Information supplied:
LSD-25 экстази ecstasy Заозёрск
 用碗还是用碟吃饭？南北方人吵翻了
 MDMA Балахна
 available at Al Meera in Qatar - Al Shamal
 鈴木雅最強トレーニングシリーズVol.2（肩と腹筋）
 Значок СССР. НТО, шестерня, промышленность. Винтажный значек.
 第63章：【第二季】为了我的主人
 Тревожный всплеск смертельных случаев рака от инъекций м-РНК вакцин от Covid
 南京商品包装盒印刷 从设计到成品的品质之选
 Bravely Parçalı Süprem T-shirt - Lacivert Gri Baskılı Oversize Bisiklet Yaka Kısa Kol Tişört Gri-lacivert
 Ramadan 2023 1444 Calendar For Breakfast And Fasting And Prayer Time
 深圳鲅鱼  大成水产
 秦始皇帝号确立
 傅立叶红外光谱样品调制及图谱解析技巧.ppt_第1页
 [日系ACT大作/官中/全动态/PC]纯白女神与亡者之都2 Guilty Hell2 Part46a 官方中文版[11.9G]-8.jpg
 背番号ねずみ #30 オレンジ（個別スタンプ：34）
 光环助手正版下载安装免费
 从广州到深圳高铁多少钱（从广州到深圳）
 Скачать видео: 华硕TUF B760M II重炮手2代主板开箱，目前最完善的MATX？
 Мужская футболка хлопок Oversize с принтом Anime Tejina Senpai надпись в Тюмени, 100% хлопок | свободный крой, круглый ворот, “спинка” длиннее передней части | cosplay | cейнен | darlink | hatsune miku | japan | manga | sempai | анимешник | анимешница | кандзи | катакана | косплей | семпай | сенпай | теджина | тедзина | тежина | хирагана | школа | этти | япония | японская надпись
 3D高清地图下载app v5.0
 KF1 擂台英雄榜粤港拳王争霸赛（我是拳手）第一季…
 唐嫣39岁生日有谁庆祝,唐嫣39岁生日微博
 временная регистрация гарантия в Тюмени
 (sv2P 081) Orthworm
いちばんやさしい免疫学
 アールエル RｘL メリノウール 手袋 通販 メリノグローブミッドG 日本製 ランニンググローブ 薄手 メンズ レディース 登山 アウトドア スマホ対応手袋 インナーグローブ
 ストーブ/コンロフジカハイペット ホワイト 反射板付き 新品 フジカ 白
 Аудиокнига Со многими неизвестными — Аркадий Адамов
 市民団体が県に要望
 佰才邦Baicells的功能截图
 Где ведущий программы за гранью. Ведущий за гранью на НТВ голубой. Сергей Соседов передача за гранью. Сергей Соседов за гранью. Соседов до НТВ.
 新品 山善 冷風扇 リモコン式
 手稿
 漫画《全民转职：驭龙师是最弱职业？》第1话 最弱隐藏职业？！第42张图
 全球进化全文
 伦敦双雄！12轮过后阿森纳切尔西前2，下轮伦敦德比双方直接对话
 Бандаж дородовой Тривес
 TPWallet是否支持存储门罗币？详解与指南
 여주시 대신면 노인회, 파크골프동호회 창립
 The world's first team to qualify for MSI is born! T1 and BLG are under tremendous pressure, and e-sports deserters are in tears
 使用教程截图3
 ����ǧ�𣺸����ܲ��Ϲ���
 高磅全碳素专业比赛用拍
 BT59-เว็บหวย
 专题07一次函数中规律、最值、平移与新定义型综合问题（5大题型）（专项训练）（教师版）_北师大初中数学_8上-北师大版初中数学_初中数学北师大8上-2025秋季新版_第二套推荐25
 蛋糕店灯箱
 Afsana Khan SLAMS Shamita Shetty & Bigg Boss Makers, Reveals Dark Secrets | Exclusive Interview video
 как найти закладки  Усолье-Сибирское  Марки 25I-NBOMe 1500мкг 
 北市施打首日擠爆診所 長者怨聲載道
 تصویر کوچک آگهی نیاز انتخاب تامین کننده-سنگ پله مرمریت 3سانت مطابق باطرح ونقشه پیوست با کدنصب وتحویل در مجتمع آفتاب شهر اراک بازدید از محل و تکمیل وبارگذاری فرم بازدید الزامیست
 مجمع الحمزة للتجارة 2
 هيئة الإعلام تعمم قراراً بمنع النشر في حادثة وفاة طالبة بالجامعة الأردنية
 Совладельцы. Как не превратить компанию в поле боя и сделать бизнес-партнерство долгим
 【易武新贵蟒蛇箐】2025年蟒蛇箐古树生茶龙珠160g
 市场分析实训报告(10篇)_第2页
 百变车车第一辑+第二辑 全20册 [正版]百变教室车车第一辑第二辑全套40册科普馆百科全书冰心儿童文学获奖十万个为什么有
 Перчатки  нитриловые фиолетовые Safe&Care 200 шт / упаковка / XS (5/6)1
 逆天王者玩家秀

Work instruction: Reproduce only the lines above spanning from the line containing "从广州到深圳高铁多少钱（从广州到深圳）" through the line containing "Мужская футболка хлопок", word for word.

Final answer:
 从广州到深圳高铁多少钱（从广州到深圳）
 Скачать видео: 华硕TUF B760M II重炮手2代主板开箱，目前最完善的MATX？
 Мужская футболка хлопок Oversize с принтом Anime Tejina Senpai надпись в Тюмени, 100% хлопок | свободный крой, круглый ворот, “спинка” длиннее передней части | cosplay | cейнен | darlink | hatsune miku | japan | manga | sempai | анимешник | анимешница | кандзи | катакана | косплей | семпай | сенпай | теджина | тедзина | тежина | хирагана | школа | этти | япония | японская надпись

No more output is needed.